Hoewel Barbie tegenwoordig van een carrière in de wetenschap mag dromen, blijft die meestal beperkt tot een zorgende functie. Als verpleegster of kinderarts veegt de pop met de eindeloze benen dan ook nog eens haar voeten aan de veiligheidsvoorschriften.
Dat besluiten vier vrouwelijke chirurgen van de Amerikaanse Harvard Medical School uit een analyse van negentig barbiepoppen die tussen 1960 en vandaag in de winkelrekken lagen. Zes op de tien barbiepopdokters behandelt kinderen. De onderzoeksters vonden amper drie barbiepoppen die ook volwassenen op consultatie krijgen. Zestig procent is blank, dertig procent zwart en zes procent Aziatisch. Geen enkele pop had een lichamelijke handicap (de onnatuurlijk lange benen niet meegerekend).
De barbiepopdokters beschikten ook niet over het nodige medische materiaal voor hun functie. Alle dokters dragen wel een stethoscoop, maar amper vier procent draagt ook een (noodzakelijk) gezichtsmasker. Persoonlijke beschermingsmiddelen zouden nochtans een standaardaccessoire in de kleerkast van medische en wetenschappelijke Barbies moeten zijn, adviseren de onderzoeksters. Ze roepen producent Mattel ook op om Barbie hogere carrièreambities te laten nastreven.
Zo is er bijvoorbeeld geen neurochirurg-Barbie.

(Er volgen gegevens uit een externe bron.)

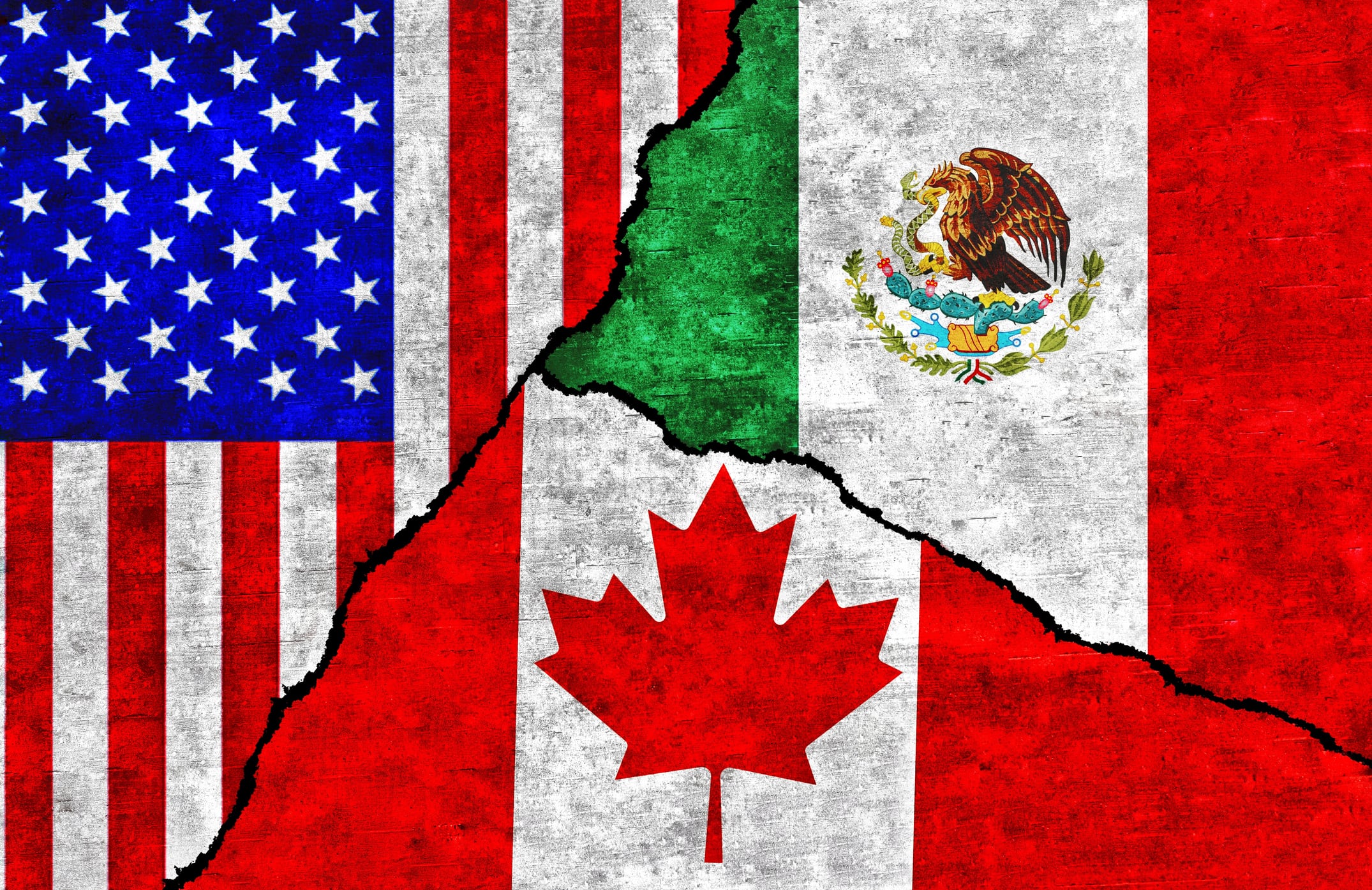 Banderas de Estados Unidos, México y Canadá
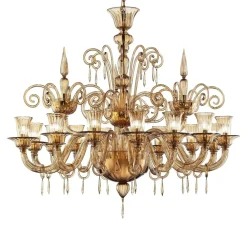 Lively Locken Murano Glas Kronleuchter in Dunklem Bernstein von Simoeng für Simoeng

Integendeel, in 2014 maakte Mattel ook nog de blunder om een computeringenieur-Barbie uit te brengen die afhankelijk was van haar twee mannelijke vrienden om software te programmeren. In plaats van gendergrenzen te doorbreken, versterkt Barbie ze dus nog altijd, menen de onderzoekers. ‘De impact van zo’n pop is veel groter dan je misschien denkt. Veel chirurgen herinneren zich hun eerste operatie op hun favoriete speelgoed.
Momenteel zijn er geen chirurg- of kernfysicus-Barbies, uitgerust met de juiste apparatuur en gereedschappen, om jonge kinderen het idee te geven dat ze deze beroepen ook in ‘de echte wereld’ kunnen uitoefenen.’